As this was a moment at which machines, which could be understood in a broader sense to include technological, material, and architectural advancement, were used to judge human progress, the United States wanted to illustrate its superiority through a magnificent display of its scientific and technological prowess. This is important because Americans wanted to show that they could outdo the Europeans, who until then had considered them to be inferior, generally disdaining the American way of life.
Historical Background
From 1860 to 1900, the United States witnessed a rapid expansion in urban life. Mass immigration and industrialization turned American cities into major metropolitan centers. In this period, the number of city dwellers doubled, jumping from 20 percent of the population up to 40 percent.

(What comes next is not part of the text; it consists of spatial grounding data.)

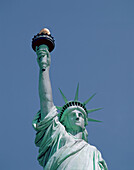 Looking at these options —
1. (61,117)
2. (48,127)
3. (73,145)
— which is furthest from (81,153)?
(61,117)

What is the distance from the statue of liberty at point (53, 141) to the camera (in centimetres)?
952

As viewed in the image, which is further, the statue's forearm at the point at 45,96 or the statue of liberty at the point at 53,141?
the statue's forearm at the point at 45,96

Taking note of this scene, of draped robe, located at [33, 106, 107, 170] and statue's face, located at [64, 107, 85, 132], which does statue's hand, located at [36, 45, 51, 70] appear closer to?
draped robe, located at [33, 106, 107, 170]

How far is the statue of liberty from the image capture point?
31.2 feet

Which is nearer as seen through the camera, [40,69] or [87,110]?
[40,69]

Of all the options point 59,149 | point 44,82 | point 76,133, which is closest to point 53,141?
point 59,149

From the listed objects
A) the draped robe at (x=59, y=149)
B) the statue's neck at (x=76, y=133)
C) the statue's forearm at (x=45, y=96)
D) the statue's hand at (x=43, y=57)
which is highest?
the statue's hand at (x=43, y=57)

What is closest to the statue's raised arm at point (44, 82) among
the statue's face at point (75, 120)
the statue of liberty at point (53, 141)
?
the statue of liberty at point (53, 141)

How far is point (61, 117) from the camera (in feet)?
37.9

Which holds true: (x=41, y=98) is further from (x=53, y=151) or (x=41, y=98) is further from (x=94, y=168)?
(x=94, y=168)

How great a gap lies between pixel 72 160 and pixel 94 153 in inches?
33.0

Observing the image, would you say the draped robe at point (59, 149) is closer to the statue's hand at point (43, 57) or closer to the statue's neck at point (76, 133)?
the statue's neck at point (76, 133)

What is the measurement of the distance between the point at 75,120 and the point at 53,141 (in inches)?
54.2

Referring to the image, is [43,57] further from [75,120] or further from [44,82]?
[75,120] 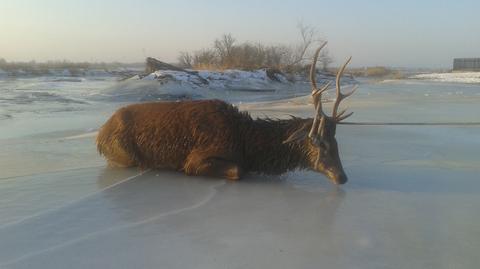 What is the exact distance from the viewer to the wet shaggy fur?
18.4ft

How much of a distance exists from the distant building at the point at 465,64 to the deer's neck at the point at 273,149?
81830mm

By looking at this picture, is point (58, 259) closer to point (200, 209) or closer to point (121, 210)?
point (121, 210)

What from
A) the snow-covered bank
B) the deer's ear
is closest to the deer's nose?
the deer's ear

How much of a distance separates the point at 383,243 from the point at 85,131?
7.68 meters

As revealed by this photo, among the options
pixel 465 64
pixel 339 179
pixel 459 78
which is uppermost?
pixel 465 64

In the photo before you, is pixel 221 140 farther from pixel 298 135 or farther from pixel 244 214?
pixel 244 214

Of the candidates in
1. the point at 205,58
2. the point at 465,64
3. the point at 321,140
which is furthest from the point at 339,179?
the point at 465,64

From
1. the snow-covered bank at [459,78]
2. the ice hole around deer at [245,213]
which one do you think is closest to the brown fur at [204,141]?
the ice hole around deer at [245,213]

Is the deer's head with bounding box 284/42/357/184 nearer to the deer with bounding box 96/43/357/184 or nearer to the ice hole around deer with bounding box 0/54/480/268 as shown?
the deer with bounding box 96/43/357/184

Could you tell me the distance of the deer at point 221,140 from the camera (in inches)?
213

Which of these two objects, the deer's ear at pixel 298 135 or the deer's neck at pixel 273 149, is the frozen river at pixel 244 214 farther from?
the deer's ear at pixel 298 135

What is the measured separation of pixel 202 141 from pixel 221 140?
0.75 ft

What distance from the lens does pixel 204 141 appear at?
5742 millimetres

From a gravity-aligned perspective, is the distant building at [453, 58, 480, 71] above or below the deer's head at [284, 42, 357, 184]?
above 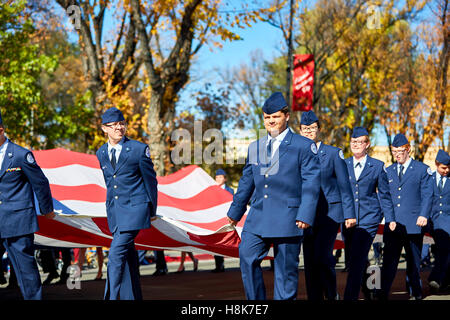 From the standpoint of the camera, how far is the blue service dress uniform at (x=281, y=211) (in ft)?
17.3

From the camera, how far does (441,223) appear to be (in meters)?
9.37

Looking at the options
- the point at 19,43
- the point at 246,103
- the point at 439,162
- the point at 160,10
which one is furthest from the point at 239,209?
the point at 246,103

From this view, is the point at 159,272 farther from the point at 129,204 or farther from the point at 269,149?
the point at 269,149

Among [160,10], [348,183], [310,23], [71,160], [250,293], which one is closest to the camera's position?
[250,293]

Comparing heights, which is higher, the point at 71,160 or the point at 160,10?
the point at 160,10

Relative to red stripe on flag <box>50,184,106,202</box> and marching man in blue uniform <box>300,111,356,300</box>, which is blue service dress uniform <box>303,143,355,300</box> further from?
red stripe on flag <box>50,184,106,202</box>

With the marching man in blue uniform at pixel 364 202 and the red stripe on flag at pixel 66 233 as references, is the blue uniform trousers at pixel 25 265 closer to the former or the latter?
the red stripe on flag at pixel 66 233

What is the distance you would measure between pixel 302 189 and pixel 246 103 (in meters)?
28.6

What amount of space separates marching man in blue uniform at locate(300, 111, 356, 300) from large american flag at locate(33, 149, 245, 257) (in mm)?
1898

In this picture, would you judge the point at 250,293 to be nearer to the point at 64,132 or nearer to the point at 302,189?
the point at 302,189

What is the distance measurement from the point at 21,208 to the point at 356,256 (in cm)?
339

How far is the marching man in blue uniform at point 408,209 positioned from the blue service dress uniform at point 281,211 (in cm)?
307

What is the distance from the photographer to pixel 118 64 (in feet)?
56.3

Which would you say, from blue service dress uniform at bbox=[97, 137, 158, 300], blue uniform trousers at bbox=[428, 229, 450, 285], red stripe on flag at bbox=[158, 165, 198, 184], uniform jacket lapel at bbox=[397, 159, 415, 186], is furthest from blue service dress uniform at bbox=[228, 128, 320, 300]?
red stripe on flag at bbox=[158, 165, 198, 184] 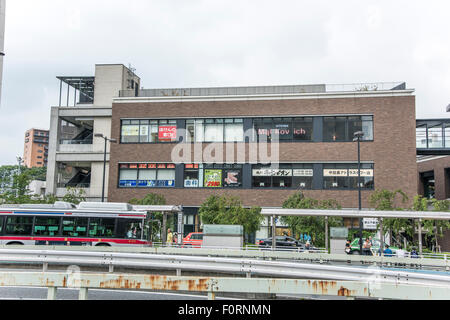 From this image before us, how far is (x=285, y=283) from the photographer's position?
5.09 metres

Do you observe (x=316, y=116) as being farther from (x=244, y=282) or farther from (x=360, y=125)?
(x=244, y=282)

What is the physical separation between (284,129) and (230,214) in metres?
11.4

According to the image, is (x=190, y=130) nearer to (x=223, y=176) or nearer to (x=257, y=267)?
(x=223, y=176)

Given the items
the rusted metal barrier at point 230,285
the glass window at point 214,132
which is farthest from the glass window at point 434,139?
the rusted metal barrier at point 230,285

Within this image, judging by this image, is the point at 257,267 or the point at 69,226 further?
the point at 69,226

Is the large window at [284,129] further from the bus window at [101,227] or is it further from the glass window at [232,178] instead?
the bus window at [101,227]

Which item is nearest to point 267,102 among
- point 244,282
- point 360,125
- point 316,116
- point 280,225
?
point 316,116

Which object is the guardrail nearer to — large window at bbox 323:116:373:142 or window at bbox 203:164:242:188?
window at bbox 203:164:242:188

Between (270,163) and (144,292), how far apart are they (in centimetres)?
3102

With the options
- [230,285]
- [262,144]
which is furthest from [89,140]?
[230,285]

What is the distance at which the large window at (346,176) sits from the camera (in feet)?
131

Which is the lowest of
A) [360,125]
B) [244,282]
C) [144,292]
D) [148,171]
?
[144,292]

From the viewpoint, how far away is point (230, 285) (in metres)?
5.05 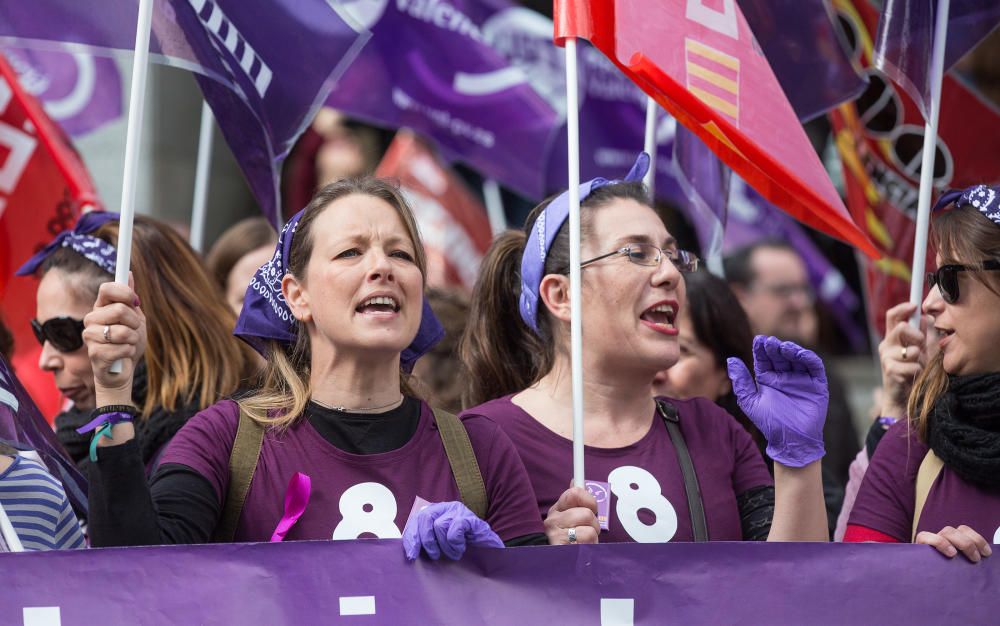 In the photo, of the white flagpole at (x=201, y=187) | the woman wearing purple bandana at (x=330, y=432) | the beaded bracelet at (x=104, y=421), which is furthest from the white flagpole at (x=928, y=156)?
the white flagpole at (x=201, y=187)

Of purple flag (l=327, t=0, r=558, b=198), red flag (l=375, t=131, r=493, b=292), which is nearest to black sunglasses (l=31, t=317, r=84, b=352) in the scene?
purple flag (l=327, t=0, r=558, b=198)

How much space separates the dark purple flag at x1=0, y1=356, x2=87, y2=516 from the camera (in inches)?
132

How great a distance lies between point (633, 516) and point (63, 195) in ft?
10.7

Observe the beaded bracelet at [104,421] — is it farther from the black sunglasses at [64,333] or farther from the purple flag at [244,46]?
the black sunglasses at [64,333]

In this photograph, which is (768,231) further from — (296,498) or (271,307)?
(296,498)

Urban centers, both old and new, such as New York, Philadelphia, and Chicago, were flooded with job-seekers. A significant portion emanated from rural areas, where mechanization and manufacturing had lowered the demand for both women and men’s labor. Many of these job-seekers were immigrants. The majority of them came from Europe and Latin America, with a smaller portion from the Caribbean and Asia. Faced with hostility and discrimination from both Americans and other immigrants, newcomers grouped themselves into ethnic enclaves to enhance their chances of survival.2
The appearance of new technology such as electric lights and skyscrapers in urban centers prompted many to see cities as places of excitement and economic advancement. As more people continued to migrate, these American cities begun to suffer from overcrowding. In some areas, such as in New York City, the population reached as high as 334,000 people per square mile. Women made as little as 25 cents a day for working in a sweatshop. Most city dwellers barely earned enough to get by. They live in tenements with dozens of other families, with no access to safe drinking water. People sold food on the streets, which were lined with horse manure. In the second half of the twentieth century, slums, poverty, criminals, and disease were par for the course in American urban life.3
In 1889, Jane Addams and Ellen Gates Starr established what later was to become the most famous settlement house, Hull House, to provide service to Chicago’s poor. Similar settlement houses emerged as the poor and working class continued to suffer from the economic depression. The Panic of 1893 began with the collapse of the financial market, causing the most severe depression ever in the United States. Hundreds of banks and thousands of businesses closed, and unemployment skyrocketed to 18 percent for the first time in US history. In the winter of 1893-1894, these settlement houses served about 60,000 free lunches each day to the impoverished of the city of Chicago. Conflicts between workers and their employers over wages and working conditions continued to escalate, and worker exploitation had triggered some protests and strikes.4
While the working class people struggled to make ends meet, wealthy Americans continued to live an extravagant life, practicing what sociologist Thorstein Veblen has deemed “conspicuous consumption.”5 This practice, include building the most expensive homes in the most exclusive neighborhoods, such as Saks Fifth Avenue, and spending large amounts of money on lavish parties, each one hoping to be grander than the rest. The period from 1877 to 1900, which has been dubbed the “Gilded Age,” was a time in which many working-class Americans still struggled to make a living while the rich and famous lived lives of excess. The metaphor is clear: in the Gilded Age, America was akin to a piece of jewelry, its thin outer layer of gold plate serving to hide many the social ills that undermined the development and progress.6
The Beginning of the Fair
By 1890, recovering from the Great Fire of 1871, which destroyed almost the entire downtown area, Chicago had emerged as a powerful financial and economic center. The city’s population grew rapidly, numbering at 1.5 million in 1893.7 When the United States decided to organize the World’s Columbian Exposition, several cities competed for the right to host the exhibition. Chicago won. In the Act of Congress that granted Chicago this opportunity, the scope of the exposition was defined as follows: it was to be “an international exhibition of arts, industries, manufactures, and the products of the soil, mine, and sea.”8 The primary focus was undoubtedly on arts and machinery.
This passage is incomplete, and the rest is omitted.